───── Material supplied ─────

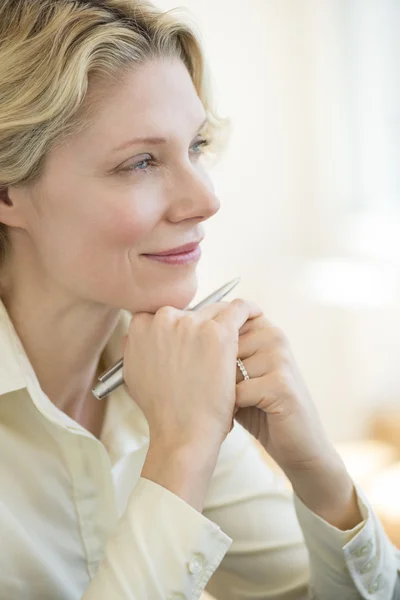 Affärskvinna med hand på hakan tittar bort i office — Stockfoto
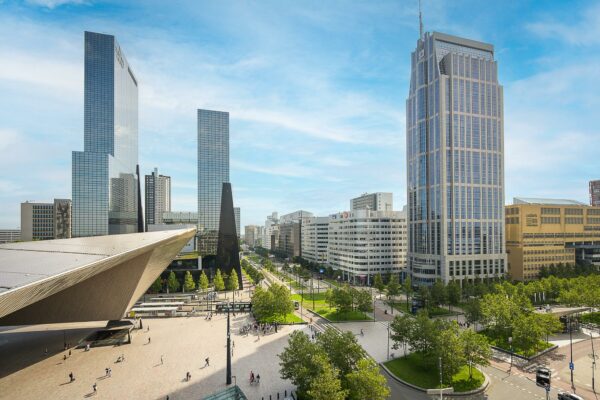 Straatbeeld van de Weena in Rotterdam met het Centraal Station en moderne hoogbouw op een zonnige dag.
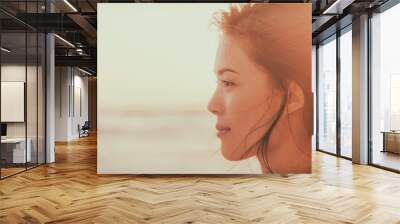 Asian woman beauty portrait serene on beach at sunset looking at ocean pensive -Panorama banner face of chinese girl happy. Wall mural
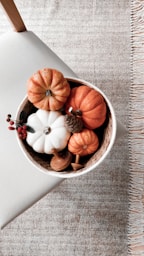 a bowl filled with fake pumpkins on top of a table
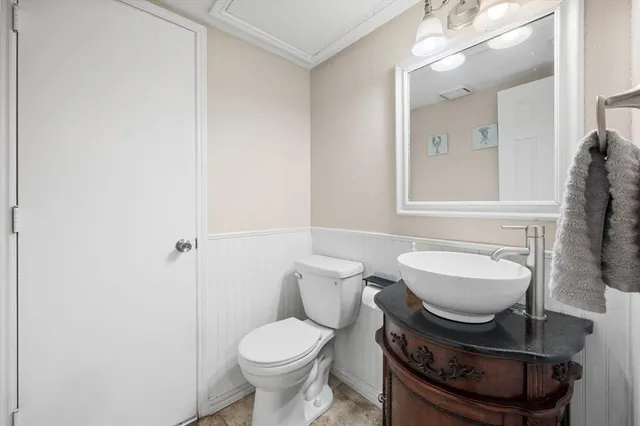 a bathroom with a sink toilet and mirror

─────

Print exactly the first line of the entries and every line after it through the one that contains "Straatbeeld van de", leaving the pictures out.

= Exercise result =
 Affärskvinna med hand på hakan tittar bort i office — Stockfoto
 Straatbeeld van de Weena in Rotterdam met het Centraal Station en moderne hoogbouw op een zonnige dag.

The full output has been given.